Dans l’Evangile de ce jour « Rester greffés sur le Christ comme les sarments sur la vigne », dans la lettre de St Jean « avoir foi en Jésus et nous aimer les uns les autres comme il nous l’a commandé » et dans la première lecture un exemple tout particulier d’accueil au-delà des préjugés. C’est l’histoire de St Paul ; celui qu’on appelait Saul de tarse et qui était connu comme un violent persécuteur des chrétiens. Il se convertit sur le chemin de Damas et il entre dans le groupe de chrétiens où il est accueilli avec beaucoup de méfiance, ce qui peut se comprendre, mais une méfiance qui va jusqu’à vouloir le supprimer par ceux qui sont déjà un peu à côté de la communauté, ceux de langue grecque. C’est Barnabé, qui prend Paul avec lui et qui le présente puis qui va le faire exfiltrer vers Césarée quand il voit que sa vie est en danger. Non la jeune Eglise n’était pas parfaite, pas plus que la nôtre qui vit parfois aussi la méfiance et même le refus de la différence.
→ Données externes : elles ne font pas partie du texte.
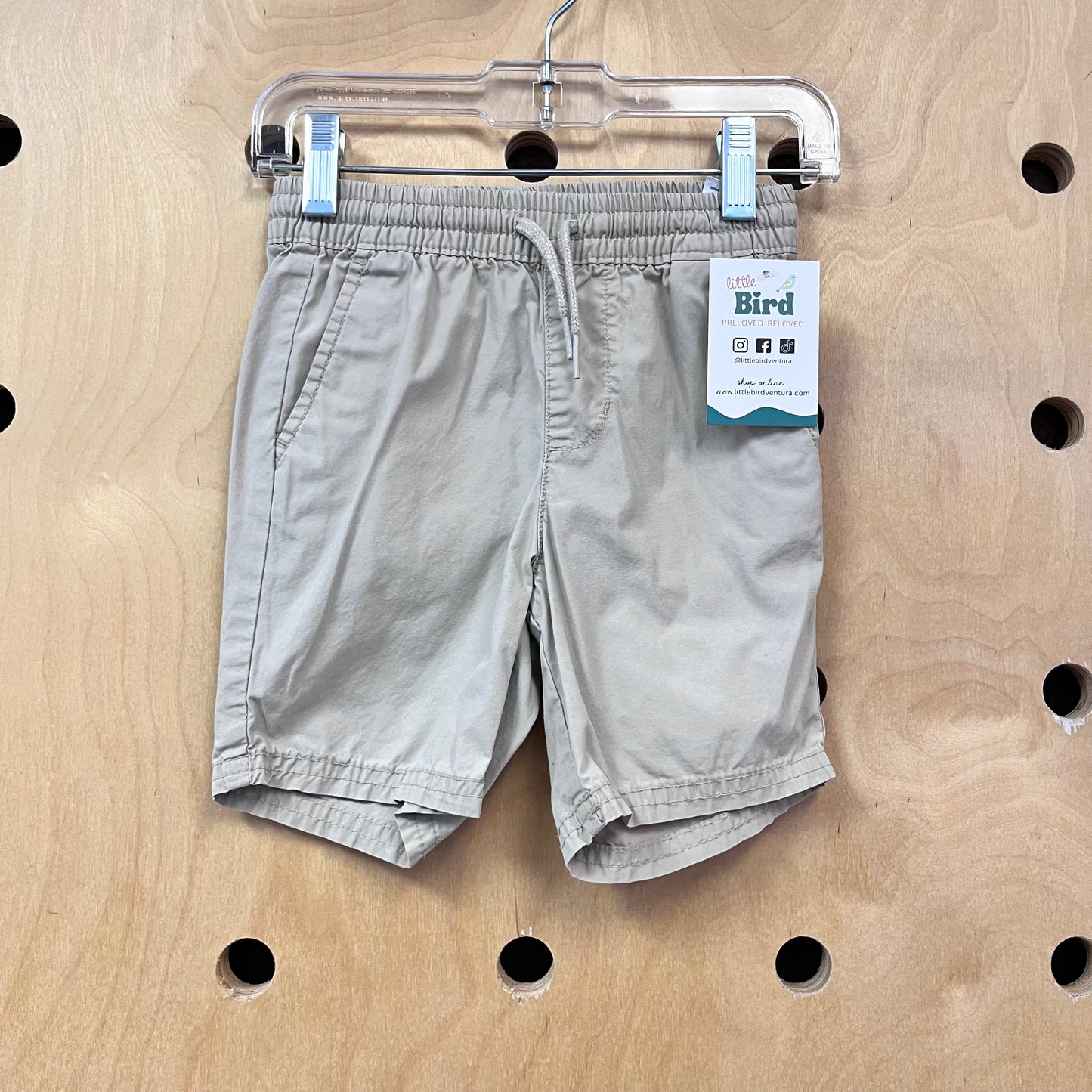 Khaki Drawstring Shorts
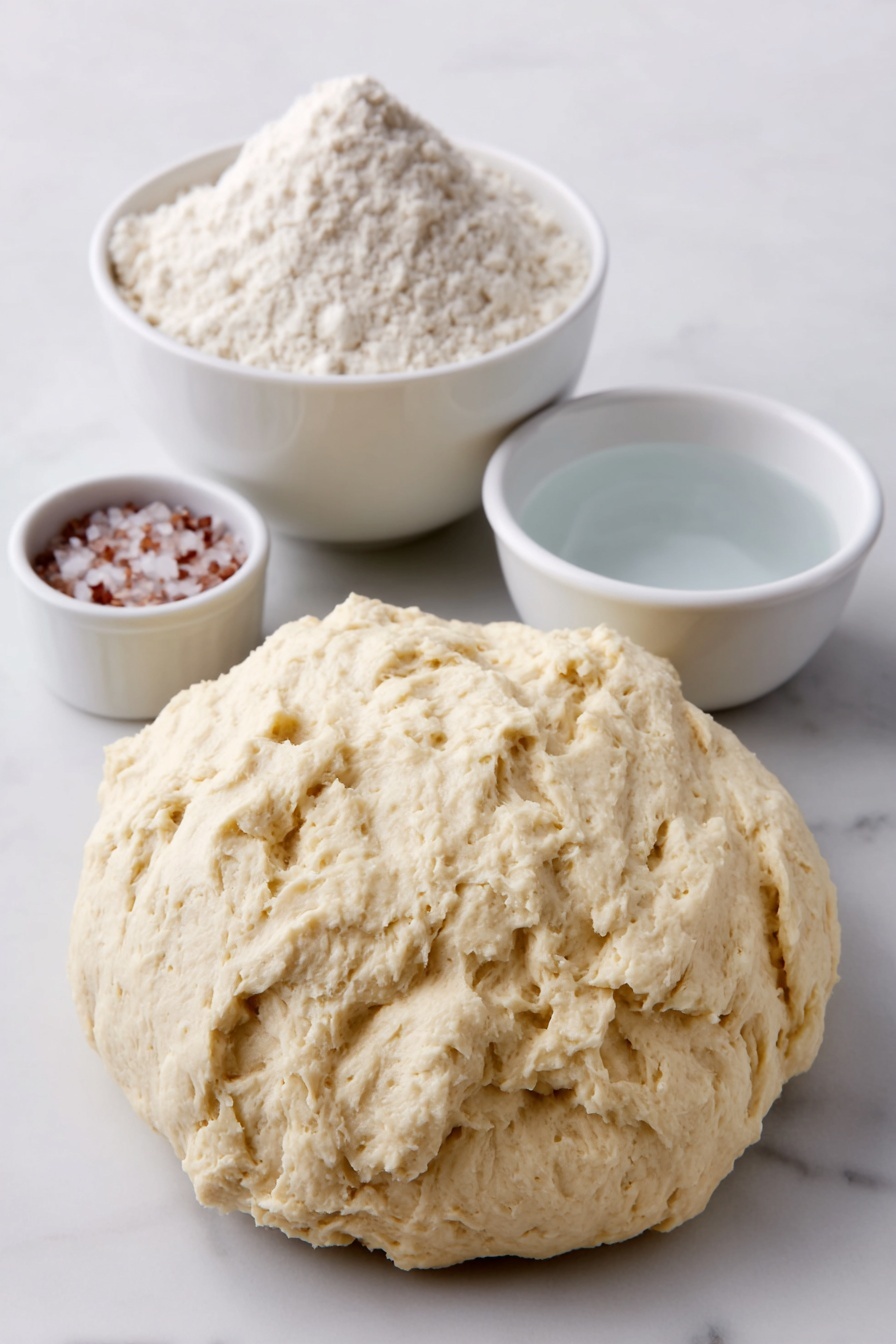 Flat lay of a small mound of natural sourdough starter with a bubbly texture, a heaping pile of fine all-purpose flour, a small white ceramic bowl filled with coarse salt crystals, a small white ceramic bowl containing clear water, each ingredient fresh and natural, arranged with perfect symmetry and realistic proportions, placed on a clean white marble surface, soft natural light, photo taken with an iPhone, professional food photography style, fresh ingredients, white ceramic bowls, no bottles, no duplicates, no utensils, no packaging --ar 2:3 --v 7 --p m7354615311229779997 - Overnight Sourdough Bread, sourdough bread recipe, how to make sourdough bread, homemade sourdough, easy sourdough baking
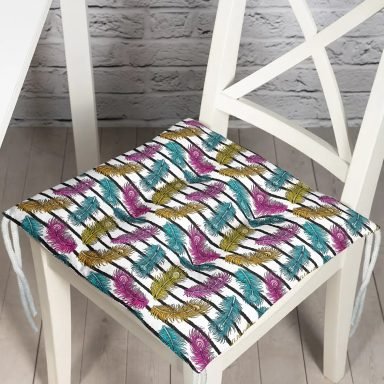 Modern Sanat Tasarımlı Dijital Baskılı Pofidik Sandalye Minderi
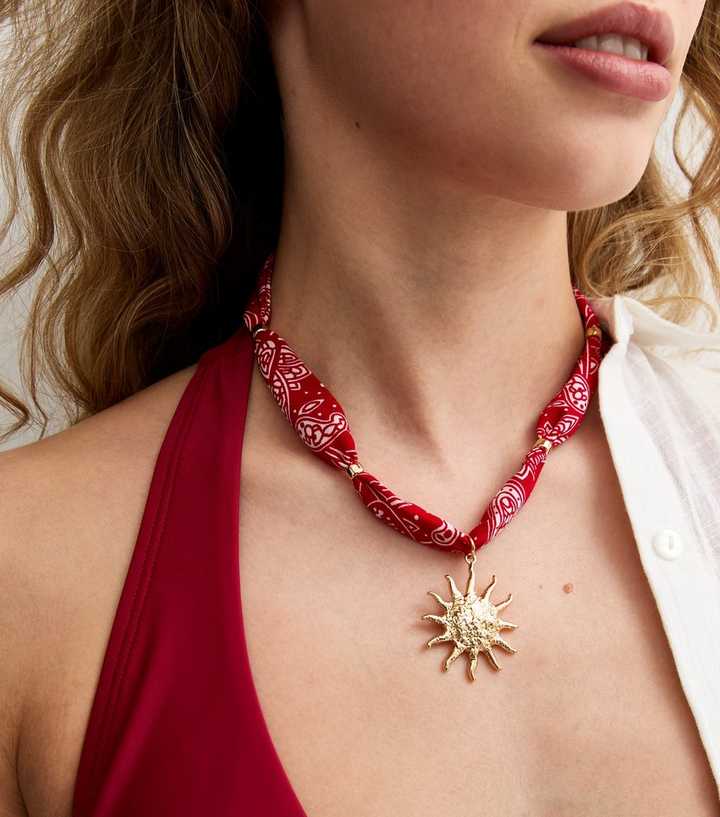 Red Sunshine Pendant Necklace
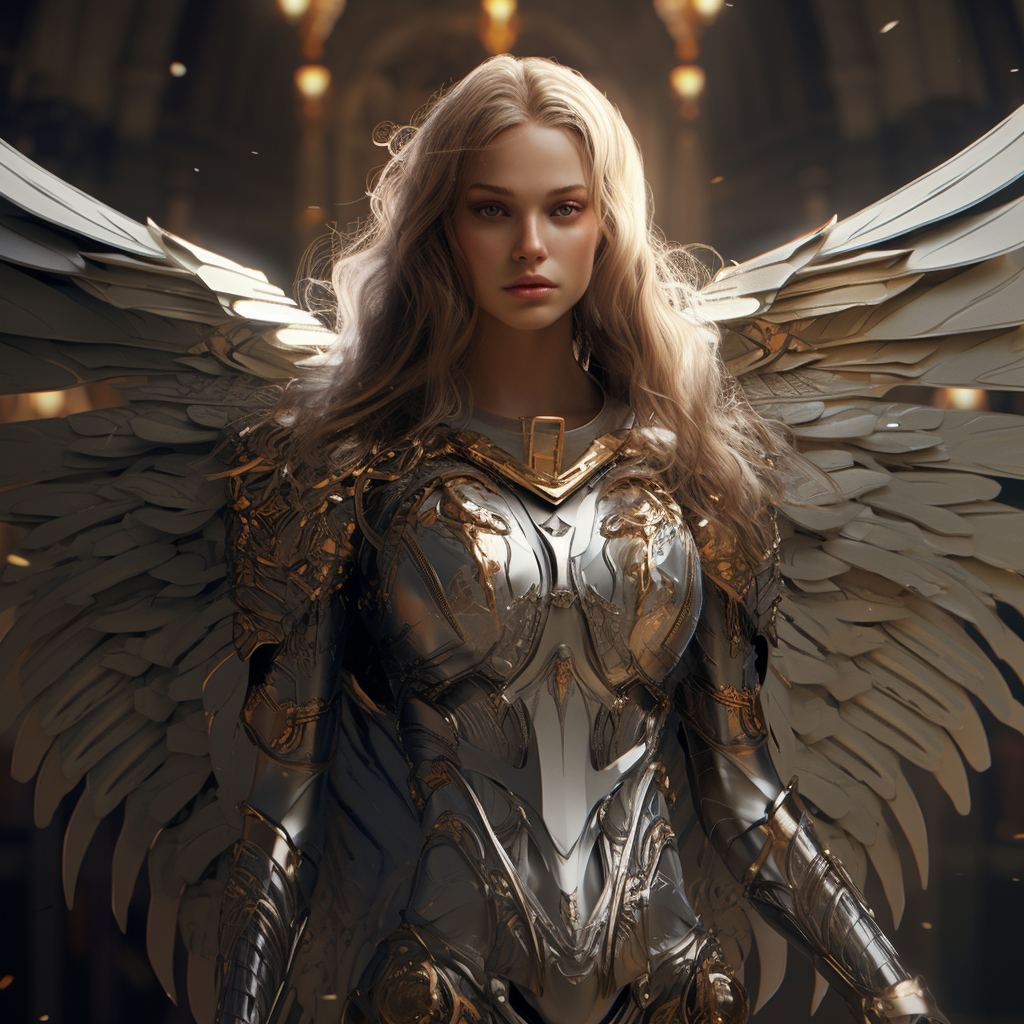 Female angel in armor with wings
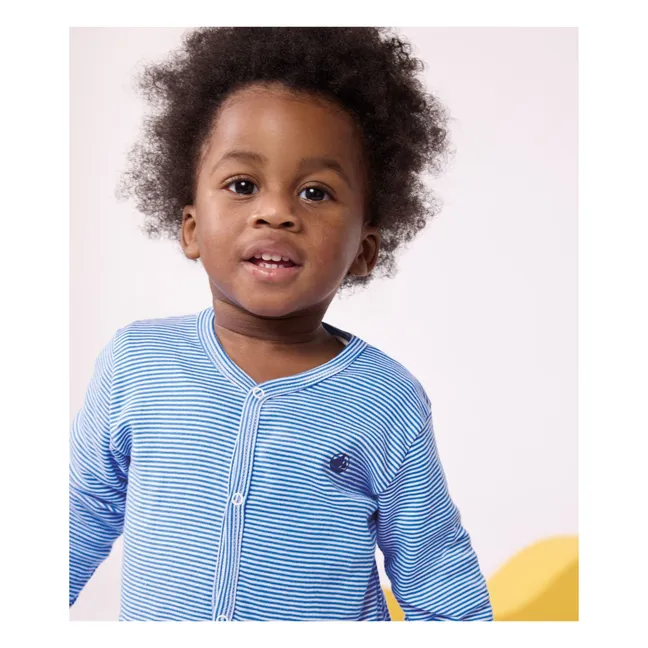 Bertin Organic Cotton Pyjamas with Feet | Blue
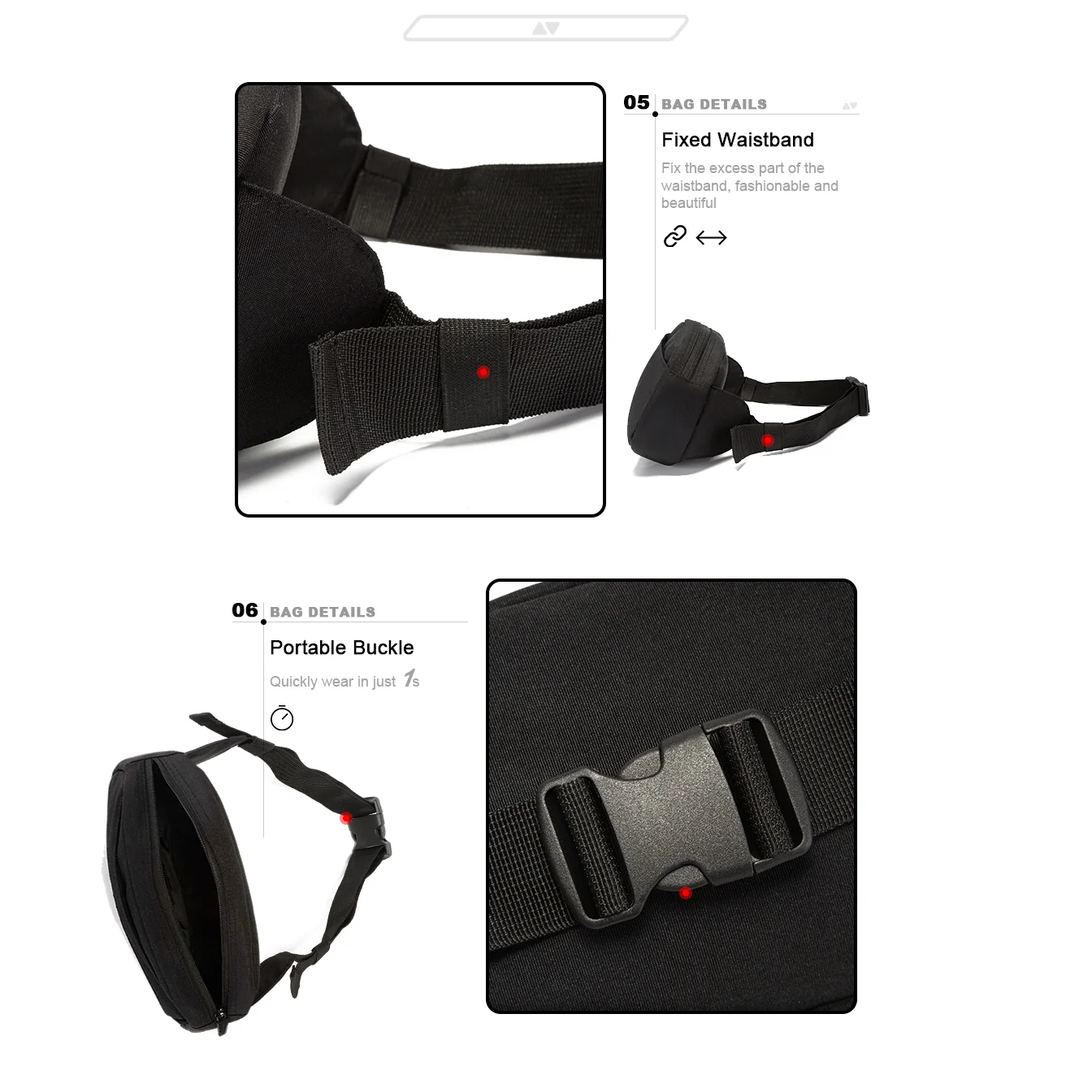 Baasploa Men Women Waterproof Anti-theft Running Cycling Belt Bag Multi-functional Ultra-thin Travel Waist Bag Fanny Pack Bumbag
Deux exemples : Un jeune prêtre vietnamien, Jérome Tran , actuel curé de Craponne et pétri de qualités, a été nommé à son arrivée dans une paroisse où jadis j’ai servi. Un matin je reçois un coup de fil d’un paroissien de naguère : « Tu viendras faire le mariage de ma fille, parce que on nous a mis le chinois, et moi je ne le veux pas … »
Une autre fois, alors que je célèbre ma première messe dans ma nouvelle paroisse je me fais aborder par une paroissienne zélée et très catholique qui me dit, sans préambule : « Je voudrais vous dire que je suis bien déçue. J’attendais mr l’abbé Untel comme curé et quand j’ai vu que c’était vous, j’étais bien déçue… » Je l’ai bien sûr remerciée pour son accueil et lui ai demandé de bien prier pour les vocations. Avec l’arrivée de confrères de Madagascar, d’Afrique ou d’ailleurs, avec des prêtres qui ne sont pas le modèle estampillé par certains, l’histoire de St Paul s’actualise parfois. C’est valable pour les prêtres mais aussi pour tous ceux et celles qui essaient d’animer la vie paroissiale.
Nous sommes, et je suis, parfois trop à l’image des juifs de langue grecque qui refusaient Paul après sa conversion. Les textes de ce dimanche nous donnent beaucoup à réfléchir pour élever nos comportements.